By Ben Butkus
Having successfully beta-tested its digital PCR platform, QuantaLife said this week that it expects to begin commercially shipping the system in the coming month.
In addition, QuantaLife disclosed the identity of one of its beta-test partners, a laboratory at the Fred Hutchinson Cancer Research Center in Seattle that is using the platform for rare mutation detection.
QuantaLife, based in Pleasanton, Calif., said this week that it would be shipping its flagship product, the Droplet Digital PCR System, in July.
The system comprises a droplet generator, which divides each biological sample to be tested into 20,000 1-nL droplets that can then be transferred to well plates and amplified using qPCR; and a droplet reader, where the droplets are streamed past a two-color fluorescence detector that reads each droplet as either positive or negative for the target nucleic acid molecules.
The ddPCR System software then determines the concentration of the selected target in the original sample and provides absolute quantification in digital form.
QuantaLife first unveiled its platform in November at the American Society of Human Genetics meeting in Washington, DC. It said at the time that it was offering beta versions of the system to early-access users and making it available to other interested parties for approximately $50,000 (PCR Insider, 11/4/10).
The company had not disclosed any of its beta-test partners until this week, when Mike Lucero, vice president of marketing at the company, told PCR Insider that the laboratory of Jason Bielas, an assistant member in the molecular diagnostics program at the Hutch, has been working with the platform in recent months.
Bielas told PCR Insider this week that his lab measures rare mutational events with frequencies of as small as one in 109 in nuclear and mitochondrial DNA, and subsequently conducts single-molecule sequencing on recovered mutants.
Until recently, the group was first using endpoint PCR assays and manually diluting mutants according to Poisson statistics; and then using qPCR to increase throughput by putting multiple mutants in single wells and using cloning techniques to recover single molecules.
According to Bielas, however, these approaches have a number of problems. "What you amplify is not always in the correct ratio of what's happening in vivo," he said. "This is because different products have different amplification efficiencies.
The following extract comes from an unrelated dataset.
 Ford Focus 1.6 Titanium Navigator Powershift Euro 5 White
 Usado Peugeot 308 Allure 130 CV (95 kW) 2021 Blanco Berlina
We were also looking at deletions, and differently sized deletions also amplify at different rates. So what you put into system is not necessarily the snapshot you get out."
"Also, there's the fact that if we're screening millions and billions of copies, and we're only recovering tens or hundreds of mutants, we needed a way in which we could quantify that very accurately," Bielas added. "This is where qPCR kind of falls off, at the very low numbers."
The group had also been preparing to employ emulsion PCR, but also found that technique to be difficult to set up, inconsistent, and not as quantitative as it needed.
"So when QuantaLife came along, [with the ability to] produce 20,000 droplets in a single well, it seemed like the perfect platform for us," Bielas said. "Now that we've used it, it's actually a lot better than we originally thought. PCR seems to be a lot more efficient in the droplets, almost 10-fold more. Typically when we would recover mutants with a number of 10, now we see 100. And the reproducibility among samples is far greater than qPCR, as well."
One drawback to the platform, according to Bielas, is that once the droplets it produces are thermocycled, "they're extremely difficult to break or crack. And once you pass [the droplets] through the detector, you can't recover them." This makes subsequent sequencing of the PCR products challenging.
However, QuantaLife has been working with his lab to address this issue, even though "we might be the only people doing this kind of work," Bielas said. In general, he added, as a beta-tester, the lab continues to work with QuantaLife to "provide what we can in terms of the instrument diagnostic;" and in exchange, QuantaLife has been helping the lab customize specific assays and chemistries to make the ddPCR System more applicable to its research.
Bielas said that his lab has purchased the beta ddPCR System and that QuantaLife will continue to upgrade it as new versions of the platform hit the market.